Jangan Salahkan Angin Utara, Salahkan Kita yang Diam Saja
Oleh : Opini
Sabtu | 31-08-2019 | 13:49 WIB
tino.jpg Honda-Batam
Tino Rila Sebayang, S.IP., M.Si. (Foto: Ist)

Oleh Tino Rila Sebayang, S.IP., M.Si.

KALI ini, saya ingin menyajikan sebuah narasi empiris. Ya, pengalaman sejak tahun 1999 - yang
hingga saat ini masih terus terulang. Cerita itu selaiknya kisah yang tak pernah mengenal kata "akhir", dan terus membekas di memori kepala saya.

Bagaimana tidak? Limbah sludge oil di pesisir utara pulau Bintan, menggoreskan cerita yang kemudian bereproduksi menjadi sebuah problematika. Seolah, rakyat Bintan memiliki "musim tambahan" di setiap tahunnya, yaitu musim sludge oil di pesisir utara.

Kisah itu diawali dari ingatan yang masih jelas di kepala saya. Saat ayah saya yang turut terlibat dalam proses pembangunan, serta pembukaan tahap awal Kawasan Wisata Terpadu Lagoi di
kala itu.

Bermaksud untuk memperlihatkan, apa dan bagaimana pekerjaan seorang ayah yang bekerja di Departemen Kesehatan. Pengalaman itu menyisakan sebuah cerita, bukan soal bagaimana memberantas penyakit dan nyamuk endemik Malaria di sana. Melainkan sebuah ingatan, tentang pencemaran lumpur minyak hitam, yang menyelimuti pasir putih nan indah, di bumi negeri Lancang Kuning ini.

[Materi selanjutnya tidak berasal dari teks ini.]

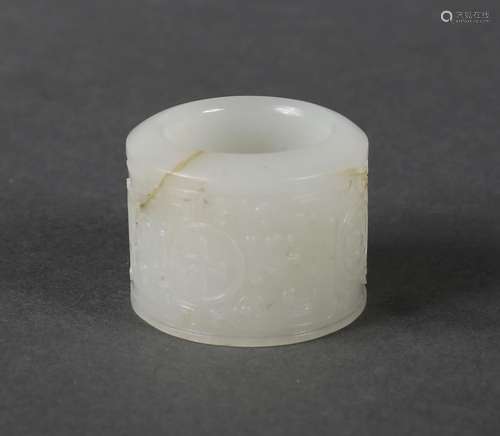 An inscribed white jade thumb ring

Kini, sejak saya mengenal dan mulai memahami sedikit persoalan tentang ancaman lingkungan
hidup. Atau setidaknya, empat tahun belakangan ini. Niat dan harapan saya mulai timbul -yakni, untuk berkontribusi dalam memberi ide serta gagasan, terkait limbah yang terkategori
sebagai Bahan Berbahaya dan Beracun (B3) itu.

Bisa dikatakan, saya hampir lupa telah berapa kali menyuarakan ini di beberapa media lokal, khususnya di Bintan. Bahkan, jeritan atas kegelisahaan limbah sludge oil ini-pun - pernah saya presentasikan di hadapan kelompok akademisi lintas keilmuan, berlevel internasional.

Tentu banyak keprihatinan di raut wajah mereka. Para pegiat lingkungan hidup internasional yang sekitar 80 orang itu, mulai mempertanyakan - apakah Pemerintah Daerah dan negara Anda masih saja diam hingga saat ini?

Bermaksud untuk tidak menjatuhkan martabat bangsa, serta mencoreng nama baik dari tanah
kelahiran saya. Maka jawaban muncul dengan getir di lidah, bahwa negara dan Pemerintah
Daerah saya telah peduli, dan mencari solusi secara mati-matian untuk menanggulanginya.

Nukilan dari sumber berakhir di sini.